Policy Contradiction

  • The Act’s philosophy favours simplification and trust-based regulation.
  • However, Section 4 preserves older criminal principles and jurisdictions.
  • Thus, the reform appears internally contradictory.

Challenges In Effective Decriminalisation:

Interpretational Uncertainty

  • Ambiguous provisions create confusion regarding the applicability of amended laws.
  • Different courts may interpret the savings clause differently.
  • Lack of clarity weakens rule-based governance.

Regulatory Overlap

  • Administrative authorities and criminal courts may simultaneously claim jurisdiction.
  • This can delay dispute resolution and increase compliance costs.
  • Businesses may remain vulnerable to harassment.

Colonial Legislative Culture

  • India continues to rely on colonial drafting conventions without contextual adaptation.
  • Many laws retain outdated legal language and structures.
  • Decriminalisation reforms remain incomplete without drafting reform.

Political And Electoral Disputes

  • Election-related disqualification issues may trigger politically motivated litigation.
  • Ambiguous criminal references can become tools of political contestation.
  • This threatens fairness in democratic processes.

Implementation Deficit

  • Enforcement agencies may continue following older criminal procedures.
  • Training and institutional restructuring remain inadequate.
  • Legal reforms without administrative readiness often fail in practice.

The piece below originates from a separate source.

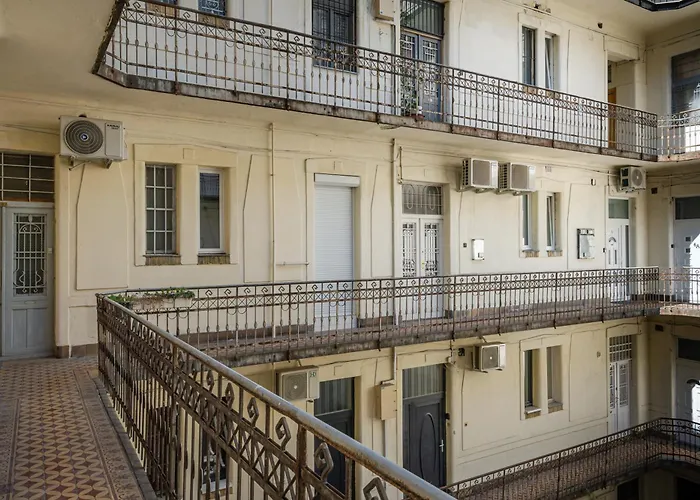 Peak Pointe Apartment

Way Forward For Meaningful Legal Reform:

Redrafting Savings Clauses

  • Parliament should redesign savings clauses specifically for decriminalisation statutes.
  • Generic colonial templates should be avoided.
  • Clauses must clearly state the extent of legal continuity.

Harmonising Related Laws

  • All statutes referring to amended offences should be updated simultaneously.
  • Cross-references must automatically reflect legislative changes.
  • Comprehensive legal mapping is necessary before reform.

Strengthening Legislative Scrutiny

  • Parliamentary committees should involve constitutional experts and drafting specialists.
  • Greater public consultation can identify hidden legal contradictions.
  • Impact assessment of reforms should become mandatory.

Modernising Legislative Drafting

  • India needs an independent Legislative Drafting Commission.
  • Drafting practices must reflect Indian constitutional and administrative realities.
  • Plain language drafting should replace archaic legal expressions.

Ensuring Administrative Preparedness

  • Regulators and adjudicating authorities require training regarding civil enforcement mechanisms.
  • Standard operating procedures should clearly distinguish civil and criminal liability.
  • Public awareness campaigns can improve compliance culture.

Conclusion:

The Jan Vishwas Act, 2026 represents a major step toward reducing excessive criminalisation and improving regulatory governance in India. However, the retention of an outdated colonial-style savings clause risks undermining the reform itself. Genuine legal modernisation requires not only new policies but also coherent drafting, harmonised statutes, and context-sensitive legislative practices.

Source: HT

Mains Practice Question:

“While the Jan Vishwas Act seeks to decriminalise regulatory offences and improve ease of doing business, ambiguities in its savings clause may undermine its objectives.” Critically examine the challenges posed by colonial legislative drafting practices in contemporary Indian legal reforms.